Moreover, with the second music signal stopped temporarily, driver 21A and assistant driver 21B may be provided with the first music signal in a lower level condition. In FIG. 4, by switching off the power supply for transducers 19C and 19 D assistant driver 21B can also enjoy the output from transducers 12A, 12B, 12C, 12D, 12E and 12F.

INDUSTRIAL APPLICABILITY

The sound reproduction system disclosed in this invention performs such that only the sound of movie or the like being listened in backseats can be canceled at the driver's seat, and that the driver can listen to other audio programs at the driver's seat, which is useful as a sound reproduction system for use in a vehicle or the like.

Claims

1. A sound reproduction system comprising:

a first sound signal source;

a first transducer connected to the first sound signal source;

a signal processor connected to the first sound signal source and to shift a phase of a first sound signal output from the first sound signal source by 180 degrees; and

a second transducer connected to the signal processor.

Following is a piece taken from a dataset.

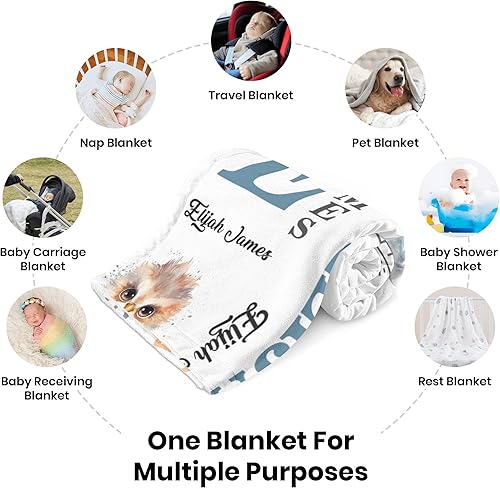 Miniatura 6 de Manta personalizada con nombre de búho, mantas de bebé personalizadas para niñas y niños, mantas de bebé para recién nacidos, mantas suaves para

2. The sound reproduction system of claim 1, wherein the signal processor keeps gain characteristics of a first sound signal output from the first sound signal source unchanged.

3. The sound reproduction system of claim 1, further comprising: a second sound signal source; and a signal adder connected to the second sound signal source and the signal processor, wherein the second transducer is connected to the signal adder.

4. The sound reproduction system of claim 3, wherein the signal processor keeps gain characteristics of a first sound signal output from the first sound signal source unchanged.

5. A vehicle comprising:

a sound reproduction system comprising:

a first sound signal source;

a first transducer connected to the first sound signal source;

a second transducer connected to the signal processor.

6. The vehicle of claim 5, wherein the second transducer is disposed near a driver's seat.

7. The vehicle of claim 5, wherein the second transducer is disposed near a passenger's seat.

8. The vehicle of claim 5, wherein the signal processor keeps gain characteristics of a first sound signal output from the first sound signal source unchanged.

9. A vehicle comprising:

a sound reproduction system comprising:

a first sound signal source;

a first transducer connected to the first sound signal source;

a signal processor connected to the first sound signal source and to shift a phase of a first sound signal output from the first sound signal source by 180 degrees;

a second sound signal source;

a signal adder connected to the second sound signal source and the signal processor; and

a second transducer connected to the signal adder.

10. The vehicle of claim 9, wherein the second transducer is disposed near a driver's seat.

11. The vehicle of claim 9, wherein the second transducer is disposed near a passenger's seat.

12. The vehicle of claim 9, wherein the signal processor keeps gain characteristics of a first sound signal output from the first sound signal source unchanged.